Gamma density G(a,b) is
f(x) = exp(-x/b)*x^(a-1) for x > 0
= 0 otherwise
the chi_n^2 is G(n/2,2)
The non-central chi^2 is
f(x) = \sum_{j=0}^\infty p_{\gamma^2/2}(j)f_{n+2j}(x)
where p_{\gamma^2/2}(j) is Poisson with parameter \gamma^2/2 and
f_{n+2j}(x) is G(n/2+j,2) = chi_{n+2j}^2.
> Johan Kullstam wrote:
> > The chi is just the square-root of the chi^2.
>
> You're very right!
>
> I found the site, where same explanation to your one is presented.
> Site address is
> "http://mathworld.wolfram.com/ChiDistribution.html.";
>
> In addtion, Chi pdf is also called as 'Generalized Rayleigh pdf', which
> is described in Proakis book.
I am not fond of Proakis' book.
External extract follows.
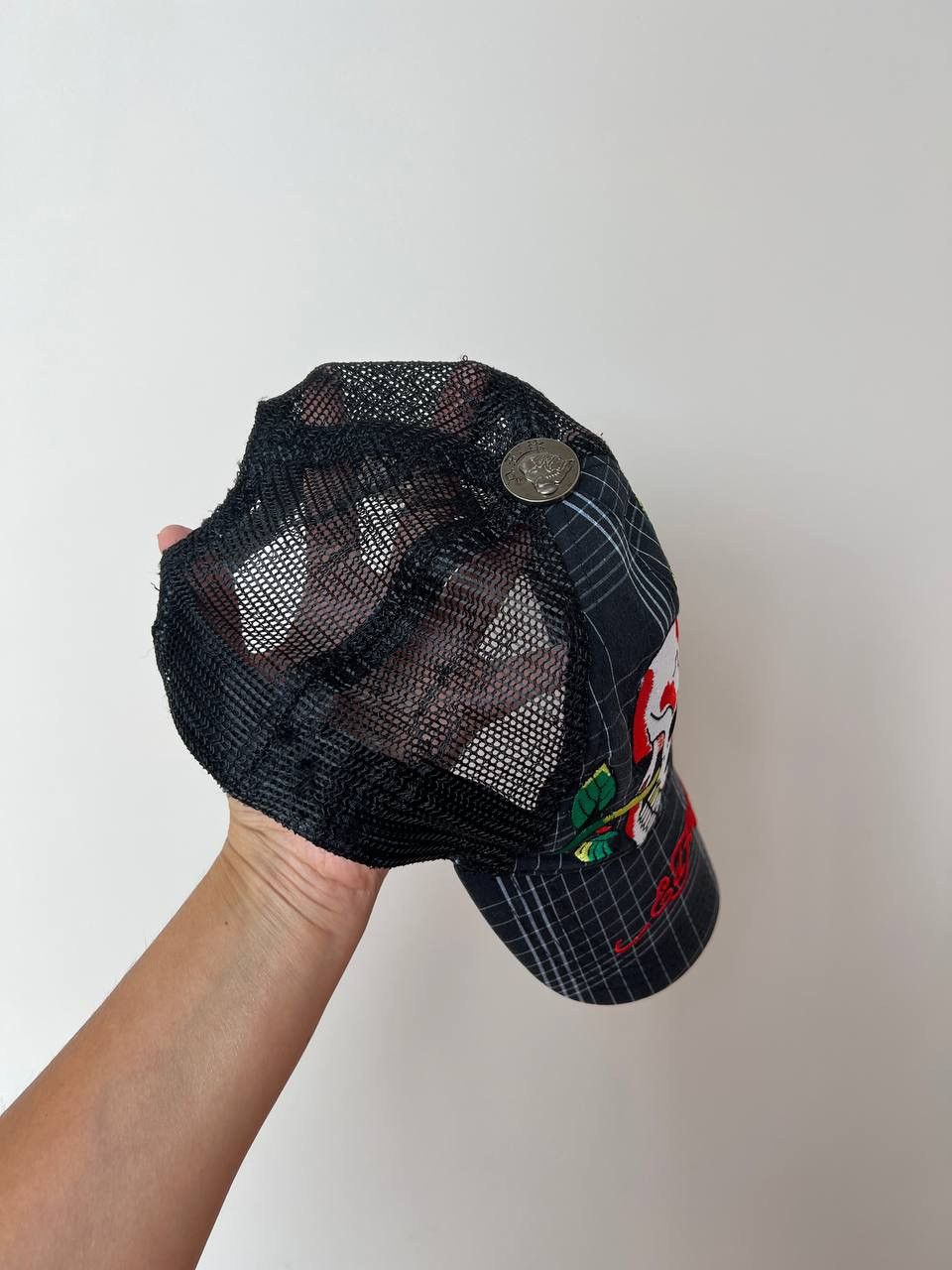 Ed Hardy Ed Hardy cap black Size ONE SIZE - 5 Thumbnail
For example, his treatment of fading
spends an inordinate amount of time on distributions of Rayleigh and
Rician amplitudes without fully developing
* chi^2 energy,
* complex representation as 2-D gaussian,
* time dependency,
which are mostly what you want.
> However, please let me know this: what is this pdf, which I said in
> upper article?
> X(1,n) = sqrt(X(2,n))*exp(j*2*Pi*theta),
> where theta is uniform random variable between 0 and 1.
>
> In summary, Chi random variable was found to be denoted as sqrt of Chi^2
> one, and one simple question to ask the pdf of the proposed variable is
> dictated.
Let the chi^2 distribution be F(u)
then the chi distribution G(a) is
G(a) = F(a^2) or G(sqrt(u)) = F(u) for a,u >= 0.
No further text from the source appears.